Proprio questa prossimità ardita tra organo e violino spinge ad affrontare la sfida della trascrizione della Toccata e Fuga in re minore BWV565, celebre opera che identifica Bach in tutto il mondo, ma la cui attribuzione è messa in discussione da parte di alcuni studiosi (Williams, Humphreys), che sottolineano in essa l’assenza di stilemi bachiani puri.

Quello che emerge con più evidenza, anche a uno sguardo non musicologico, è quanto questa opera sia caratterizzata da una scrittura contrappuntisticamente e armonicamente più semplice, con la presenza di figure che richiamano direttamente la linearità e le caratteristiche dello strumento ad arco, più che le possibilità dello strumento a tastiera. Valorizzare questa opera rendendola espressiva sulla chitarra è la sfida di questa trascrizione, che cerca di valicare le oggettive limitazioni di registro guadagnando una sonorità più esile e più adatta a questa scrittura.
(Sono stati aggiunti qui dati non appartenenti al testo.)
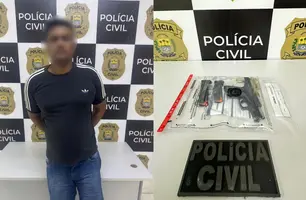 Homem é preso com arma de uso restrito durante operação na zona sul de Teresina (Foto: Reprodução)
Altro monumento dell’opera bachiana è la Ciaccona per violino BWV1004. In questo caso ci troviamo di fronte a un’opera che ha migrato destinazione strumentale, già dall’Ottocento fino ad oggi, passando dal pianoforte all’Orchestra per arrivare alla chitarra. Fu Segovia non il primo ma il più importante trascrittore di questa opera, sul solco della tradizione tardoromantica di Busoni, che divenne in breve un caposaldo del repertorio chitarristico. La lettura che ne proponiamo qui – a distanza di oltre ottantacinque anni dalla sua trascrizione – intende ritrovare l’originale violinistico e la sua scrittura che contiene implicitamente valori armonici e contrappuntistici, potenziandola con la naturale inclinazione polifonica della chitarra.

Anche Preludio della Suite n.1 per violoncello rappresenta una celebre composizione del repertorio di Bach sulla chitarra. La scrittura armonica di questo Preludio ben si adatta infatti alle risorse della chitarra, rendendo la tessitura degli arpeggi sonora e ricca, e quasi più funzionale alla chitarra o al liuto che allo strumento ad arco.
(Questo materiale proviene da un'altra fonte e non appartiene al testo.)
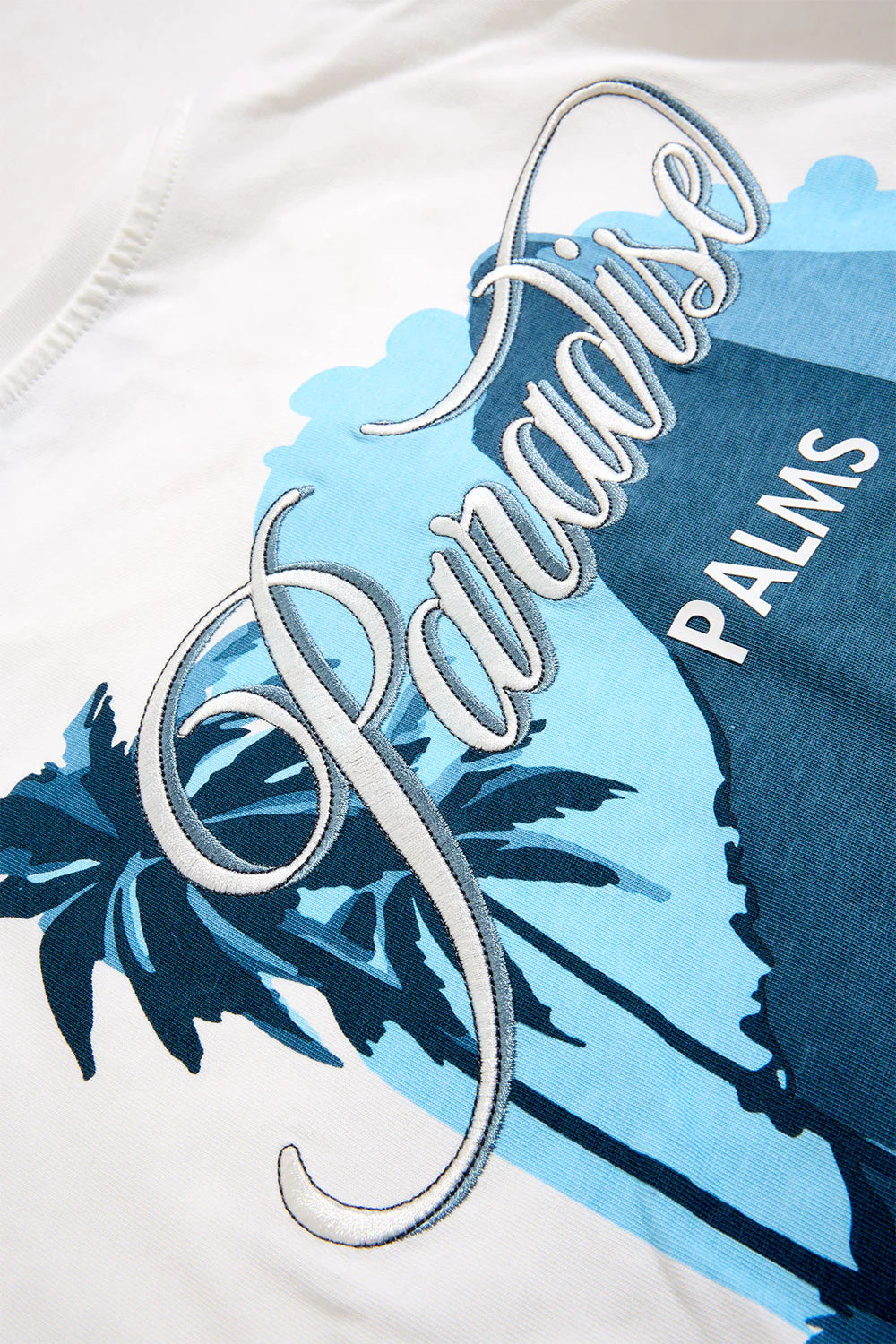 Paradise Palms T-Shirt – Blue Floral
Il programma prosegue con due celebri Arie, quella detta “sulla quarta corda” dalla Suite per orchestra in re, e l’Aria delle Goldberg Variationen. Accomunabili solo dall’andamento, queste due composizioni, come anche l’Adagio dal Concerto BWV 1056, sono la prova della potentissima e indissolubile relazione tra armonia e melodia. Quest’ultima non potrebbe avere la forza espressiva che ha senza l’architettura armonica che Bach costruisce, e l’armonia si ridurrebbe a una bella concatenazione accordale se non ci fossero le note chiave della melodia a condurla in direzioni mai scontate. 
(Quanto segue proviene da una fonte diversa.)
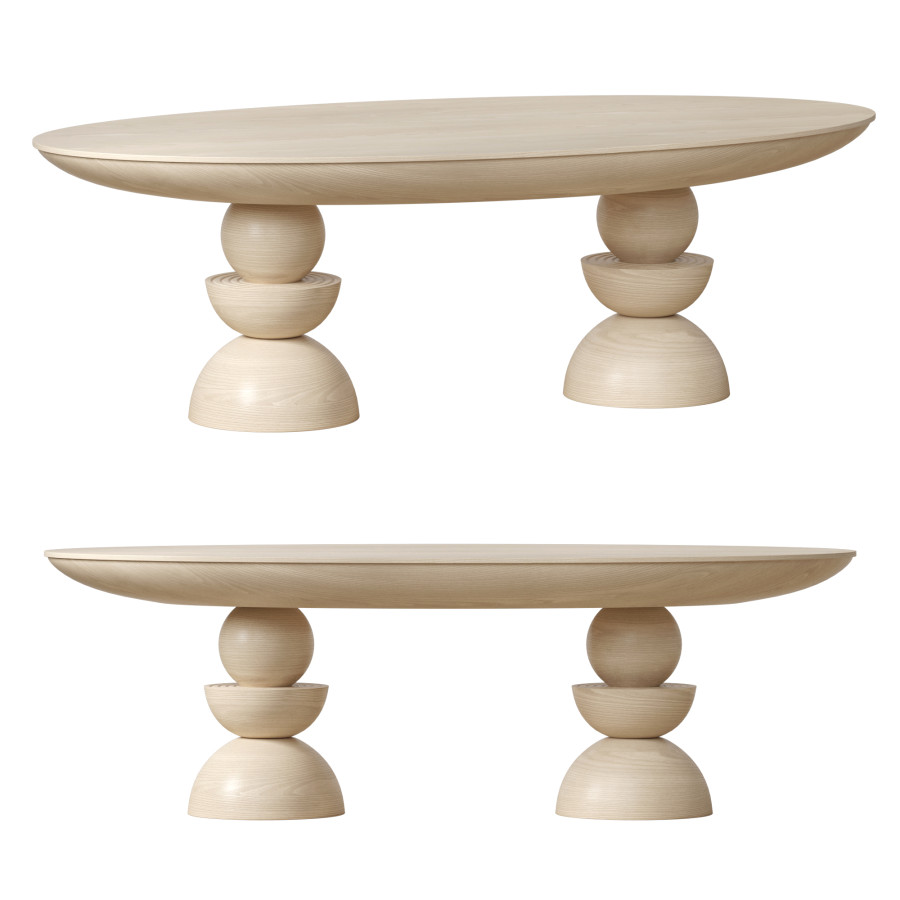 Sonali Oval Double Pedestal Dining Table 3D Model for VRay, Corona | CGMood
Segue una coppia di Gavotte, anch’esse note, e note al repertorio della chitarra, presenti nelle registrazioni di Segovia (la Gavotte en Rondeau occupa uno dei primi 78 giri del chitarrista spagnolo) e anche di Agustin Barrios.

Un’altra coppia di brani simili, il Siciliano della I Sonata per violino BWV1001 e la Siciliana della Sonata per flauto BWV1031 concludono questa avventura nella musica di Bach. Citando le parole di Pier Paolo Pasolini, il Siciliano della I Sonata è “malinconia e preghiera”. Egli vede giustamente in questo movimento di siciliana, emancipatosi dalla dolente tonalità di sol minore per un più sereno sib maggiore, un dialogo tra due voci: e in effetti, la scrittura è caratterizzata da un continuo rimbalzo dall’acuto al grave, complice la limitata possibilità del violino a gestire parti polifoniche. Si tratta di “un canto drammatico, tutto imprevisto, con aperture improvvise, secco, stagnante, crudo, con inopinati ritorni e pentimenti; e nostalgie; e richiami; e pause; e sfoghi; una drammaticità quasi psicologica, che non risolve mai nulla, … come nella vita.” Di altro segno è invece la Siciliana per flauto: si tratta di una melodia sostenuta da un accompagnamento ostinato, in sol minore, votata a una estrema espressività, che fa dimenticare – se ci fosse ancora qualche residuo di essa – quell’immagine del Bach severo e monolitico che conoscevamo nelle indicazioni interpretative degli scolastici di qualche decennio fa. Ho pensato alla registrazione lasciataci alla fine della sua vita da Dinu Lipatti, e ho cercato di ritrovare quella dolcezza e dolente malinconia.

Devo al grande chitarrista David Russell la trascrizione del Preludio- Corale BWV 147, ultimo brano del programma, che anch’esso risuona nella mia mente attraverso l’interpretazione indimenticabile di Lipatti. (L.A.)